I recognize that individuals on the left and right respond violently to people who disagree with them. However, there is no moral equivalence when juxtaposing neo-Nazi demonstrators with pro-human rights advocates who oppose them. The neo-Nazis who marched in Charlottesville were nothing but hate mongers; thugs who shout out anti-Jewish and anti-minority epithets with conviction and clear conscience. The human rights responders were people like Heather Heyer; standing up to bigotry in all of its ugly manifestations. When the President spoke about moral equivalence he equated anti-Semites and bigots with people who generally represent the best of American ideals. He not only placed equal blame on everyone, but spoke about very fine people being among the neo-Nazi sympathizers who marched. Such an outrageous comment should never emanate from the mouth of an American President.

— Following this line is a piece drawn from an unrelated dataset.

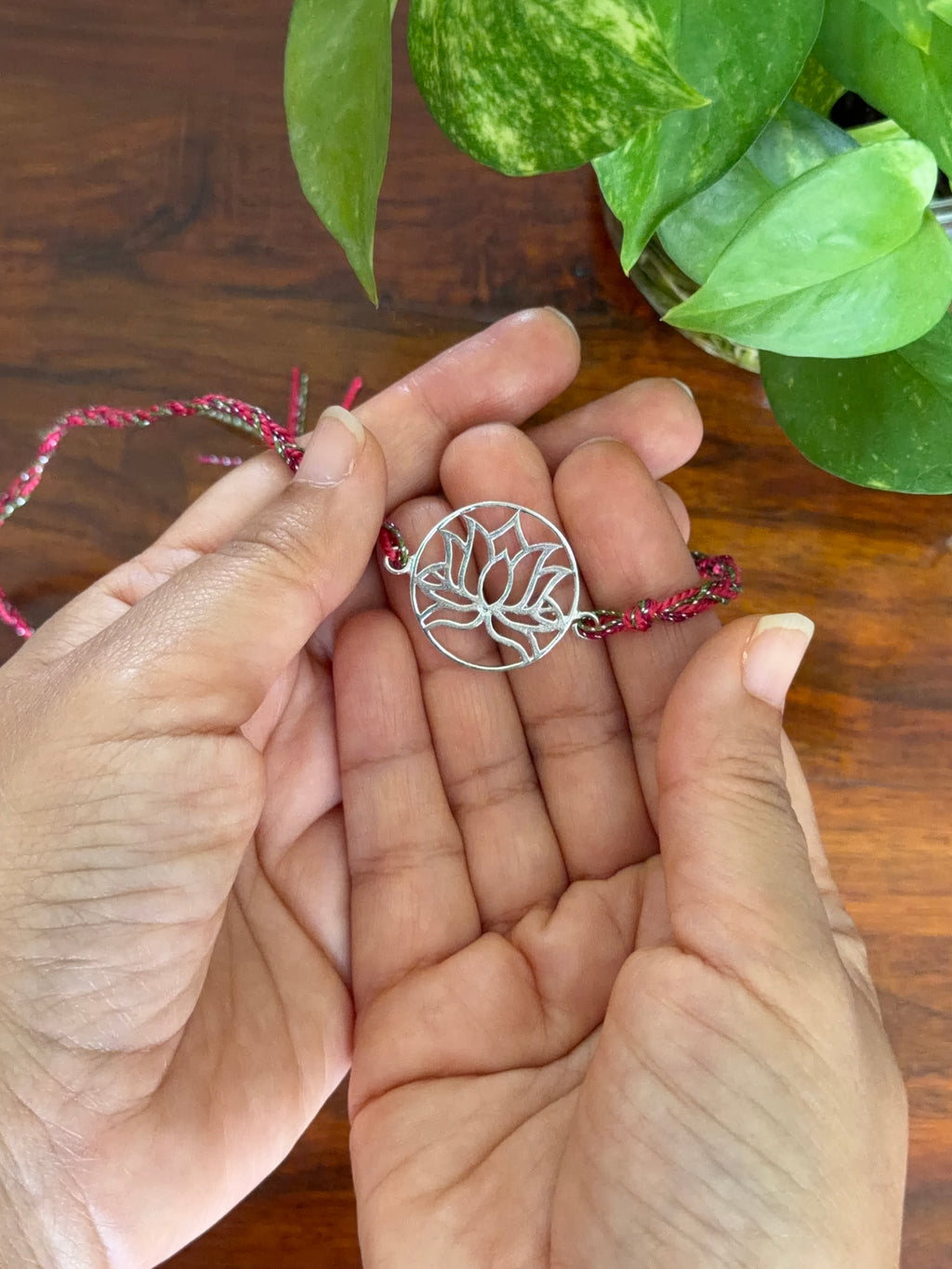 Divya Kamal - Without Chain 925 Silver Rakhi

One of the glorious features of our democracy is that we can freely support candidates and politicians representing all sides of the spectrum. We may detest an elected official, but we respect the office as well as our system of government. Most of the time, we object to leaders who espouse views we believe are contrary to our personal, communal or national interests. However, as reflected in the Torah statement above (from this week’s portion of Shofteem), we expect our leaders to act fairly and justly regardless of their perspective. We may disagree with them and maintain the right to peacefully assemble in protest. Consequently, even hate mongers are guaranteed the right of assembly, as long as their demonstration is peaceful and will not endanger the public welfare. Suggesting however, that among the neo-Nazis are virtuous people; and that counter protesters-like Heather Heyer- are no better is unconscionable. When the Torah addresses the subject of leaders who are fair and just; David Duke does not come to mind. Yet, miscreants like David Duke were emboldened by the President’s remarks about moral equivalency.

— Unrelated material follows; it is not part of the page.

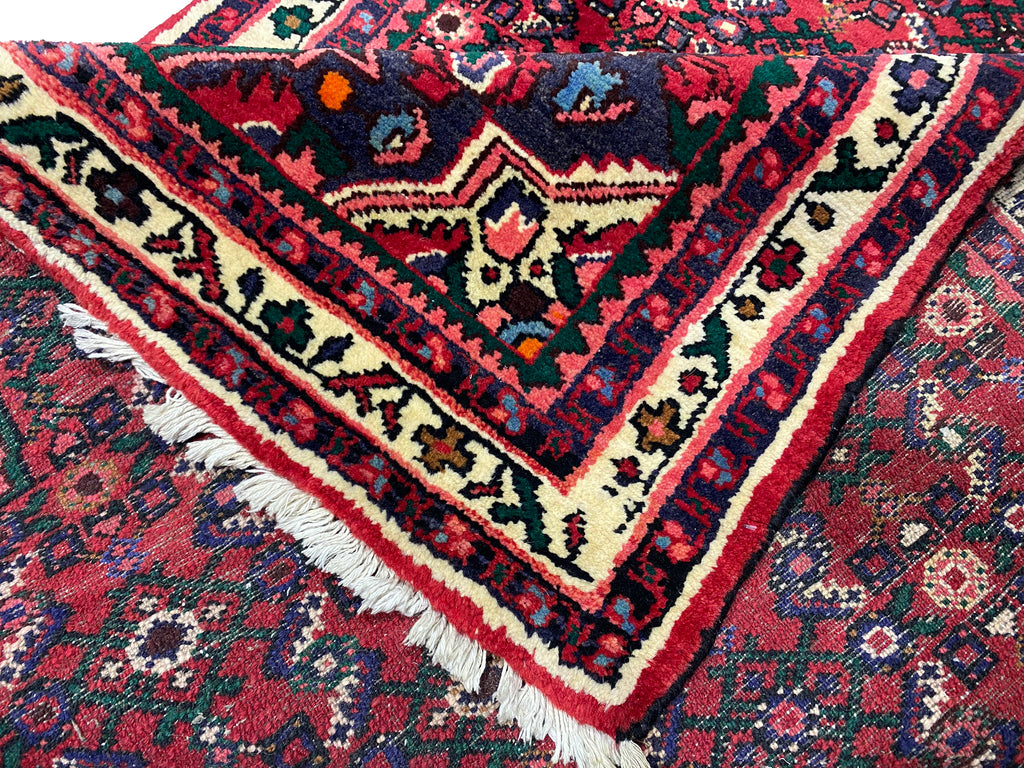 3.9 x 13.7 Persian Hamadan Bijar Runner #F-6944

President Trump should have condemned the hatred of the neo- Nazis and memorialized Heather Heyer-without launching into a lengthy statement about moral equivalency. He should have been a statesman; not countering one message about healing with another message which served as a diatribe against those who have the chutzpah to oppose him. He could have stood alongside opponents of bigotry and not relapsed into his campaign style rhetoric as he subsequently did in Arizona. Instead, he used his post-Charlottesville platform to both besmirch a free press and to vilify anyone with a conflicting view. Such is not characteristic of the leader detailed in Shofteem .
America demands a leader who represents all of us; even the people he finds loathsome. That type of President would do honor to the words of Shofteem and bring distinction to both his office and to the American people. I hope Mr. Trump can still become that type of leader.
For your information, President Obama initiated an annual conference call with American rabbis. Although President Trump expects to do likewise, my organization of Conservative rabbis (along with the Reform rabbinic movement) will not participate. Our leadership believes that after the President spoke about there being very fine people from within the neo-Nazi demonstrators; our refusal to participate is a moral imperative.
The Torah does not advocate for any political perspective; it explicitly and objectively details the central characteristics of a responsible leader or judge. The President we witnessed after Charlottesville stands contrary to the Torah’s notion of fairness and justice. Advocates of human rights can never be compared with those who shout slogans about Jews and disgrace the memories of any victim of the Shoah; both those who perished and those who survived. The President’s post-Charlottesville remarks demand strong condemnation: Not because of politics but because they encourage evil doers to pursue their path of hate. The people who marched in Charlottesville will never measure up to the lofty and honorable standards of leadership as expressed in Shofteem. Our President needs to be mindful of those standards and act accordingly.